The earlier rise over last 4 years was caused mainly by conflicts in the Middle East Asia, impacts of climate change across the world and economic crises- including those caused by faulty policies like demonetisation in India. There was no pandemic which had crippled the world, though. The world had not come to a standstill, food supply chains on which many countries specially in Africa (and also Nepal) depend were intact.

COVID, unlike many other earlier pandemics, has left no country untouched- developing or developed. It has caused similar havoc in super power United States of America and far poorer countries. Yet, the cost of the pandemic is not merely health. It is destroying economies and thus adding the fear of bringing a hunger pandemic.

In the world post COVID19 pandemic, everything has changed. It has changed to the extent that experts believe that for poorer countries, the economic consequences of the COVID19 would be far worse than the health ones. The developments show that very clearly.

International Labour Organisation had reported that some 1.6 billion of the world’s 2 billion informal workers, or nearly half the global workforce, had already lost their jobs, by April 2020 itself, most of them in LMICs. For example, as per ILO, India alone risked 400 millions workers in informal sector falling deeper into poverty with unemployment rate jumping to a staggering 23.5% in April, a sharp spike from 8.7% in March.

 Though there is no reliable data if partial ‘unlockdown’ in many countries has improved the situation even a little bit, things do not look any bright for many reasons.

What further complicates the situation is that in earlier crisis, be they economic or health pandemics, though jobs were often lost in formal sector, informal sector employment used to increase as the world would not come to a standstill, governments and societies would try to bounce back, people who lost jobs in formal sector would try to make up by taking whatever jobs were available in informal sector for survival till the situation improves.

This time it is the reverse.
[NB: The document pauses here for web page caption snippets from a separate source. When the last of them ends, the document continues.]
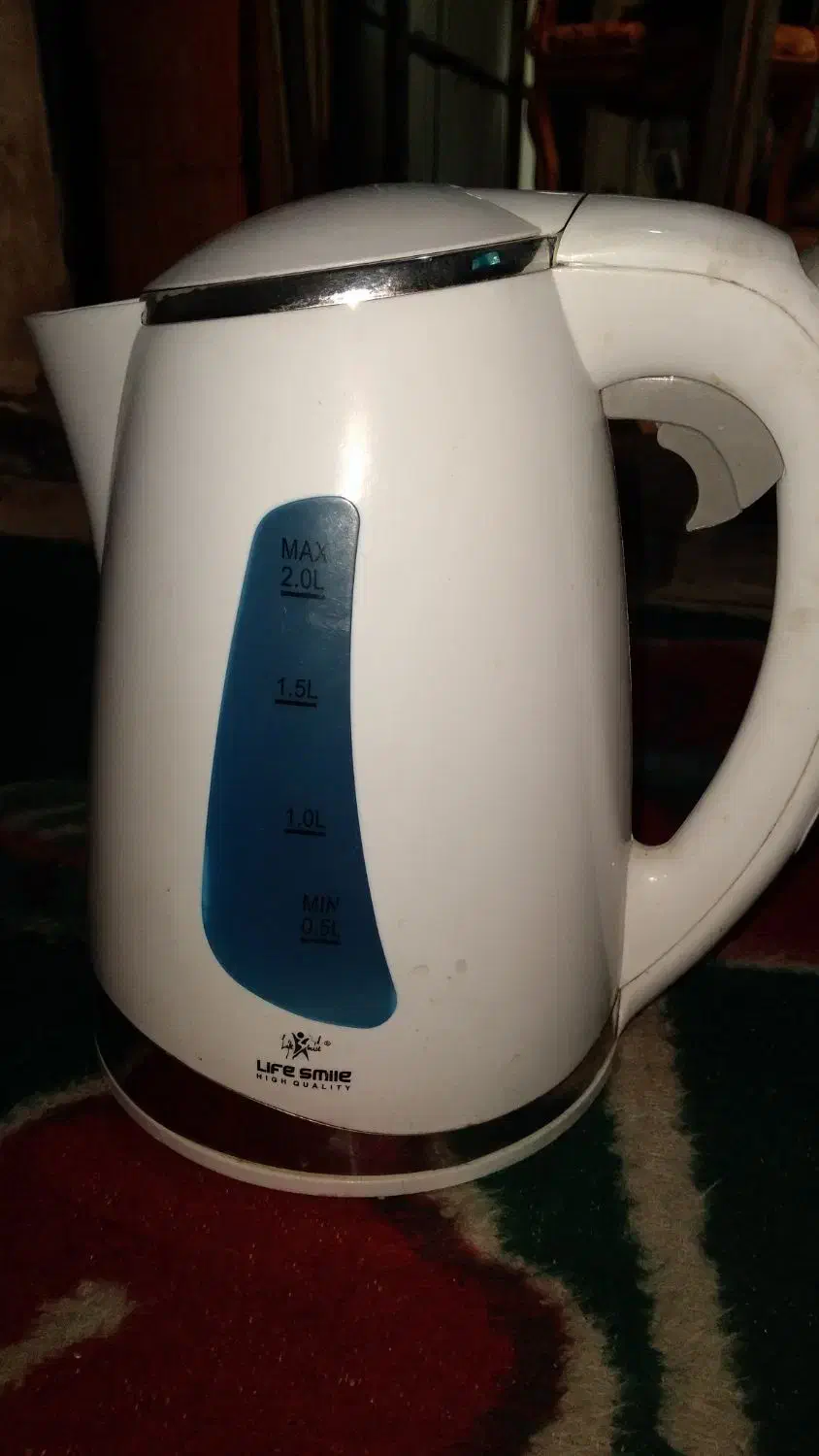 کتری برقی صحیح و سالم|قوری، کتری، قهوه‌ساز دستی|آبادان, |دیوار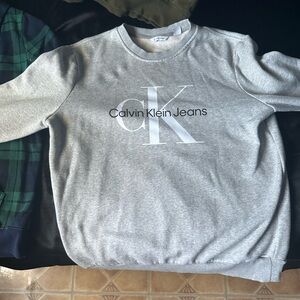 Calvin Klein sweatshirt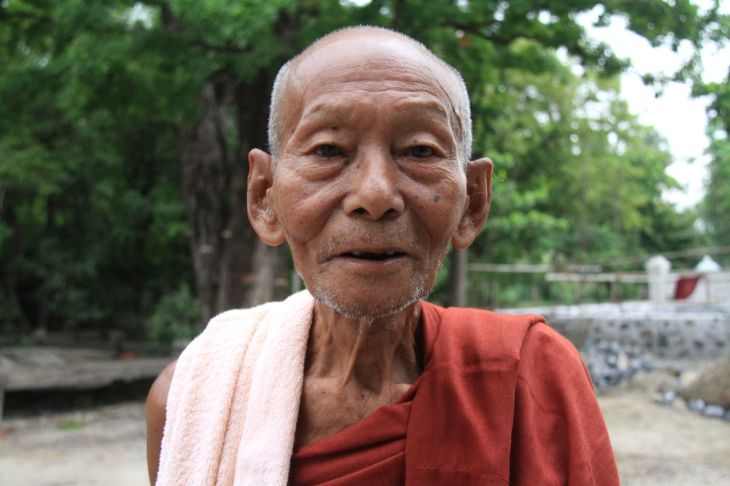 Монах долгожитель. Старый монах долгожитель.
Lockdown across countries effectively wiped out many existing jobs in the informal sector, let alone offering a buffer for those losing jobs. Developing countries like India proved to be one of the worst victims with most of their jobs being in the informal sector.

COVID has also affected the countries depending on remittances as a significant part of their economies very badly. With work getting stopped across the world, many of the migrant labours suffered the double whammy of losing income and still being forced to pay for their food and rent until they got back to their countries, often paying the fare too. The severity of the crisis can be estimated by the fact that after reaching a record high of $554 billion in 2019 and becoming a bigger source of external financing than Foreign Direct Investment in the LMICs, the remittance flow is expected to fall sharply across the World Bank Group regions: Europe and Central Asia (27.5 percent), Sub-Saharan Africa (23.1 percent), South Asia (22.1 percent), the Middle East and North Africa (19.6 percent), Latin America and the Caribbean (19.3 percent), and East Asia and the Pacific (13 percent).

After growing by 6.1 percent in 2019, remittances to South Asia are estimated to fall by 22 percent to $109 billion in 2020 hitting countries like Nepal, Bangladesh, Pakistan and even India rather hard. Again, COVID caused economic slowdown that started a cascading effect leading to sharp fall in oil prices affecting the oil producing countries are the main reason behind this.

Added to the crisis is the stark reality of many of the countries being forced to divert resources from existing health programs to fight COVID 19. Citing a study in the Lancet Global Health Journal, the U.N. Children’s Fund has already warned that this can lead to as many as 1.2 million extra deaths among children under five over the next six months, or 6,000 a day.

The question, then, becomes if a COVID caused famine, if one can call it that, is inevitable. It is not, perhaps as there is no shortage of food even in most populous countries like India which stocks a buffer for years. In most of these countries the problem has always been of delivery systems as well as costs- forcing the poor who have to spend around 60 percent of their income on food items into malnutrition and chronic hunger. COVID only worsened it with initial lockdowns leading to some short-term supply problems, and localized shortages of some food items causing a sharp price hike, forcing many to cut down on them.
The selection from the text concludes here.